Não seria de todo equivocado transpormos esta cena retratada do filme para a nossa realidade atual. Presenciamos um mercado cada vez mais competitivo, onde os erros e desperdícios organizacionais são menos tolerados, sob pena das empresas perderem espaços. Neste contexto é ainda frequente assistirmos profissionais de mais idade serem dispensados, num modo de assepsia etária, e ficarem sem um rumo certo de qual caminho seguirem, por saberem das restrições culturais friamente impostas pelo mercado de trabalho.

Ao nos debruçarmos para os níveis hierárquicos de uma organização, e tentarmos mapear as idades médias de cada nível gerencial, eles podem se constituir num indicador, na percepção dos colaboradores de que a ocupação determinada vaga para uma função gerencial, poderá ser difícil ser alcançada para alguém que esteja muito fora da média, tanto para mais como para menos. Aqueles que estão com uma idade acima da média tendem a se sentir com menores chances de galgarem novos espaços dentro da empresa. Já os mais novos, podem acreditar que ainda existe muito chão pela frente.

Existem outros estudos que apontam que parte das pessoas numa organização, que vão chegando a idades mais avançadas, começam a ter um movimento instintivo de autodefesa, de se isolarem dos grupos, por perceberem alguns tipos de brincadeiras e piadas preconceituosas relativas à idade.

Foto de cottonbro no Pexels

O etarismo é uma situação que todos nós podemos passar, independente de que grupo fizermos parte dentro da nossa sociedade. Mas pesquisas revelam que as discriminações podem ser mais significativas para as mulheres do que para os homens, simplesmente por conta do avançar da idade. O processo de envelhecimento traz ainda consequências maiores para as comunidades LGBTQIA+, que se tornam mais vulneráveis com o caminhar da idade, sujeitos a discriminações que os levam a um processo de isolamento e solidão, como retratado no livro recém-lançado no mercado nacional: O Brilho das velhices LGBT+.

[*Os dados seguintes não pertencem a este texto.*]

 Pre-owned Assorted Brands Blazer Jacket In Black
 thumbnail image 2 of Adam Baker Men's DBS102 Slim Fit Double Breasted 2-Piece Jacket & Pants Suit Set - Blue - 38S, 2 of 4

Em um estudo feito pela pesquisadora Fran Winandy no final de 2015, revelou que cerca de 1/5 dos profissionais com pós-graduação entrevistados em sua pesquisa afirmaram perceberem preconceito para serem aceitos em treinamentos, simplesmente em função da idade. Este sentimento é mais intenso para as pessoas entrevistadas com idades entre 40 e 49 anos, que estejam situadas na região Sudeste, e que sejam mulheres.

O curioso é perceber que se por um lado existe uma crença de que as pessoas mais velhas têm maiores dificuldades de serem convidadas a novos treinamentos, por outro lado, os profissionais que se capacitam menos, também têm menores chances de seguir trilhando num crescimento hierárquico, ficando reféns, num ciclo fechado (sem saída).

O que podemos fazer para mudarmos este mindset?

Talvez um primeiro passo, seja fazermos reflexões sérias sobre nossa forma de pensar e agir.
• Será que assumimos numa contratação que uma pessoa com mais idade é mais cara?
• Com relação a mulher, o que levaria a haver uma maior discriminação para as mulheres com mais idade, do para os homens?
• Por que normalmente um programa de talentos se relaciona com jovens, com forte restrição de idades?

São algumas das muitas reflexões que merecem ser feitas no sentido de entendermos um pouco mais como nos comportamos e como podemos estar impactando inconsciente e negativamente, na formação de uma sociedade mais justa e equitativa.